お姉ちゃんのお姉ちゃんによるお姉ちゃんの為だけのヒーローになる、です 作:珱瑠 耀
トガちゃん推しなので書きました。
ちなみにオリ主の変わった敬語はデフォルトです
やべー性癖を持ってるオリ主が無理な方は閲覧をお控え下さい(次のお話くらいからやべー)。
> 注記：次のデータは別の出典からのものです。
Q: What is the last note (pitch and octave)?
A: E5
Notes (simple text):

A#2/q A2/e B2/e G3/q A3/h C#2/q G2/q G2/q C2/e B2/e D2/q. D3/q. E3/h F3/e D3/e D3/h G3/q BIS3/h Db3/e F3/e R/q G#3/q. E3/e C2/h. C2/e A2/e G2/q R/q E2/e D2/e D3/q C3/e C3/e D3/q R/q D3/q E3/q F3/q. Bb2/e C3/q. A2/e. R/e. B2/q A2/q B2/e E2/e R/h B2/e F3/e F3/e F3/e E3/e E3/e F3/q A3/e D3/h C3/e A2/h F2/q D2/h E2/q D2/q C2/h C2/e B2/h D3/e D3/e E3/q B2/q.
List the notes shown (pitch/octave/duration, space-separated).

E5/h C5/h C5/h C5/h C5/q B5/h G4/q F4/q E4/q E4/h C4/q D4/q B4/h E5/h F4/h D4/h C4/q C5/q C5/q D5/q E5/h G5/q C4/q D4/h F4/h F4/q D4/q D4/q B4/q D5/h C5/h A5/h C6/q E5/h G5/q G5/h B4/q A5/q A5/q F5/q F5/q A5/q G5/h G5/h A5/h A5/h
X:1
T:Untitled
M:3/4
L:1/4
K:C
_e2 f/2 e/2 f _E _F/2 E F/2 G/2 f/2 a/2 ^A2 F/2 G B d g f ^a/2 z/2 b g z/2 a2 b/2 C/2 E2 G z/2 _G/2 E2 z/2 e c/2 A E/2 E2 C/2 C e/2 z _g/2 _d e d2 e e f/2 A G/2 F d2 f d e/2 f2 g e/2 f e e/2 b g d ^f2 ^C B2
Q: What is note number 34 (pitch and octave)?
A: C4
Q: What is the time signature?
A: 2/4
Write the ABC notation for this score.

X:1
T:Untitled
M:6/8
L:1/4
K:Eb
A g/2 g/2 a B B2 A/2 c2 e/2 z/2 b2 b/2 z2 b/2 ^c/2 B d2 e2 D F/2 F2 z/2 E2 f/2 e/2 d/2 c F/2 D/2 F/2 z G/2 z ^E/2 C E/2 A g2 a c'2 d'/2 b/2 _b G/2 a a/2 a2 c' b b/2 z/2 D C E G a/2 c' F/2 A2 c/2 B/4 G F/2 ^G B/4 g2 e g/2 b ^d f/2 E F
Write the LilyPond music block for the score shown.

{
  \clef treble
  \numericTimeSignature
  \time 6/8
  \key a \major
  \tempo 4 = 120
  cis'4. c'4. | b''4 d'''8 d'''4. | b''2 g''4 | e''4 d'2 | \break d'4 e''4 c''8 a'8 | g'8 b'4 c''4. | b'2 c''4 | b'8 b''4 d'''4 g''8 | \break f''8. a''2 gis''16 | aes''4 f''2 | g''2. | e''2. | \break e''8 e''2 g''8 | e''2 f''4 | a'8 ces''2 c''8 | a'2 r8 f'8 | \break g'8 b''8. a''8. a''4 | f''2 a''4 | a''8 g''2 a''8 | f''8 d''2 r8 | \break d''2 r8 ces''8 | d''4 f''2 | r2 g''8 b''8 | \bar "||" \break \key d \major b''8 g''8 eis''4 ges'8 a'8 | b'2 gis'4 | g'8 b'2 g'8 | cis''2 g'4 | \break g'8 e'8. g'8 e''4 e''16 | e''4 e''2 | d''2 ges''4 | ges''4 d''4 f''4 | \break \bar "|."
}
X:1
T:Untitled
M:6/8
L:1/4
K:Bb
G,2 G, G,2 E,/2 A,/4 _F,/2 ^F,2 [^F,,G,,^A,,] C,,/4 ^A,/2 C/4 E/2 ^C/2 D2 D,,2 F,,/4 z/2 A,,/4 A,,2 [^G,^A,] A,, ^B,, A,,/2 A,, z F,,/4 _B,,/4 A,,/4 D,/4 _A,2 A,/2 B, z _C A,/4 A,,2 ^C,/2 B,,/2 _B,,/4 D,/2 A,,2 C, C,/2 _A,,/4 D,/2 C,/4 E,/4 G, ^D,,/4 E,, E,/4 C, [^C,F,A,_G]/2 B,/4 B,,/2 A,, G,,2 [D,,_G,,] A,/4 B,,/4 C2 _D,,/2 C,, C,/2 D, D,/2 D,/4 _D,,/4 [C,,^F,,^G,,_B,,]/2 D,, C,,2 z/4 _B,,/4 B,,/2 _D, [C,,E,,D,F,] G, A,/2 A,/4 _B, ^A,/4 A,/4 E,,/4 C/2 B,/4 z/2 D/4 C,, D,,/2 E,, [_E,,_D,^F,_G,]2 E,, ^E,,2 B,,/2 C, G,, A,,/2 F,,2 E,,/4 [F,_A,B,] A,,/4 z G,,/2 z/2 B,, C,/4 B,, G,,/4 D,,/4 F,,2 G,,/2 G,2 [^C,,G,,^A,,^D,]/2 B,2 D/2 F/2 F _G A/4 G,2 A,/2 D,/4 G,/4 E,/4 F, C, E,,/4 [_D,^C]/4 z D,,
前世で好きな漫画の、好きなキャラは「敵」サイドの子だった。
笑い方や価値観が気持ち悪いと親に叱責されて自分を閉じ込めたけど、爆発して相手を切りつけてしまい警察に追われてしまう事になった子。
世間一般的には歪んだその感情を隠す事なく、むしろ堂々としているあの子。
私はその子の価値観を小さな頃から否定された事が気に入らなかった。
いや、こんな良すぎる作品を作られた作者様に向かってそんな事を言うのもあれだけどもさ。
普通にしなさいって、綺麗に笑いなさいって言われ続けて摩耗していく心に、彼女は実際耐えられなかった。
そんな押し付けを言われ続ければ、殺人犯になって歪んでしまうのは解っていただろうに。
そんなことが無ければ、もっと彼女は良い方向に生きられた筈なのに。
敵にならないで幸せになって欲しかった、なんて思いが湧いては沈む。
―――あぁ、いっその事。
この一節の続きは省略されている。